Michael Gove has just announced he is standing down at the election. He spent the past few days agonising privately over the decision, and published a letter on Twitter paying tribute to the Conservative party’s legacy in government – mostly his legacy, in fact. He names education reform, funding for modernising prisons and rehabilitation, progressive environmental policies, levelling up, housing reform, Brexit and building safety. It is notable that he says he was ‘pleased to be able to introduce the most wide-ranging reforms to leasehold, social housing, and supported housing in a generation’. That is true, but the leasehold reforms did not go as far as Gove had wanted, and his attempts to reform the private rented sector were also frustrated by colleagues.
He writes that ‘we have a record in government of which we can be truly proud. and we have a Prime Minister who I know exemplifies the patriotism, hard work, sense of selfless service, clarity of purpose which are the very best virtues of our party’. He adds that ‘I will do everything I can to support him, and every Conservative candidate, in this election’.

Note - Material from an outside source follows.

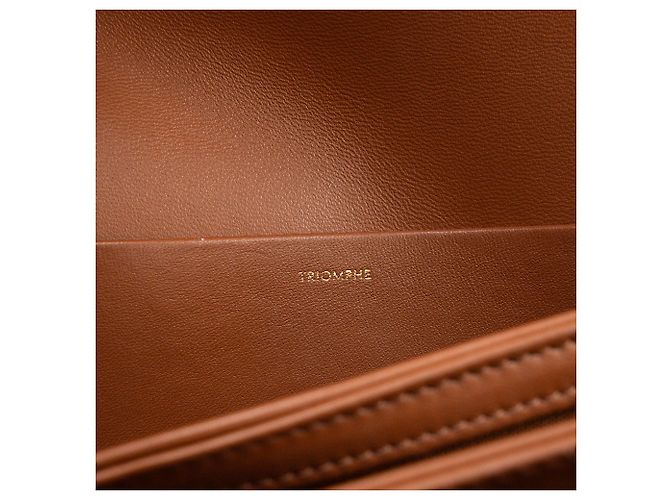 Céline CELINE - Borsa a tracolla Triomphe Celine in tela rivestita triomphe marrone e pelle tan - vista 7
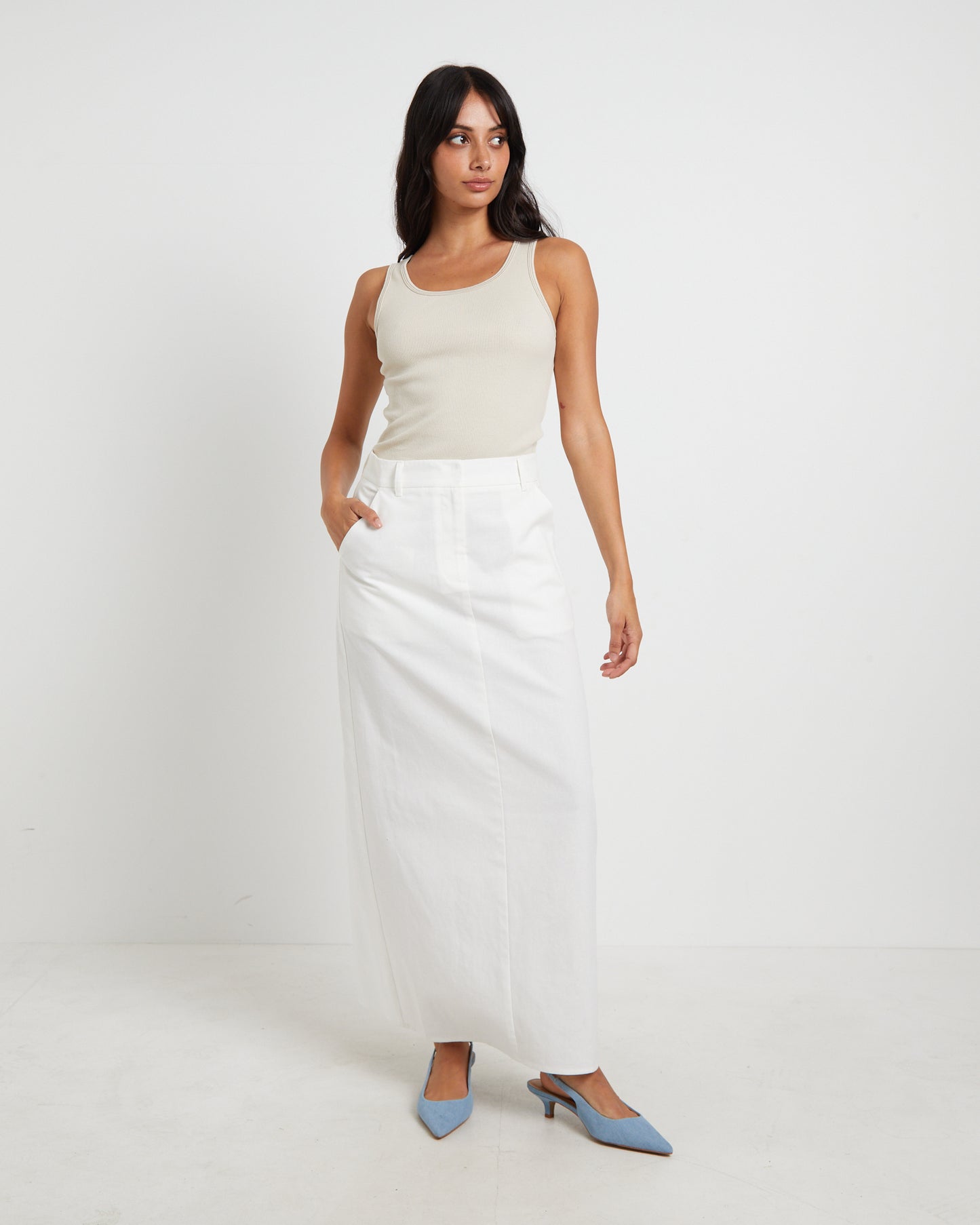 Lagoon Muscle Tank Top in Stone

Gove’s letter also writes about the downsides of political life: ‘I also know the toll office can take, as do those closest to me’, which suggests his decision is as much about his own personal circumstances as it is about the likelihood of a Conservative party being in opposition in the next parliament. But it is still not a good look for Rishi Sunak, who has had a very miserable first few days on the campaign trail and who is now losing one of the few Tories who got anything done in government.
At the Cabinet meeting where Sunak told his colleagues that he was calling the election for 4 July, Gove told the Prime Minister ‘who dares, wins’. He clearly doesn’t personally dare this time.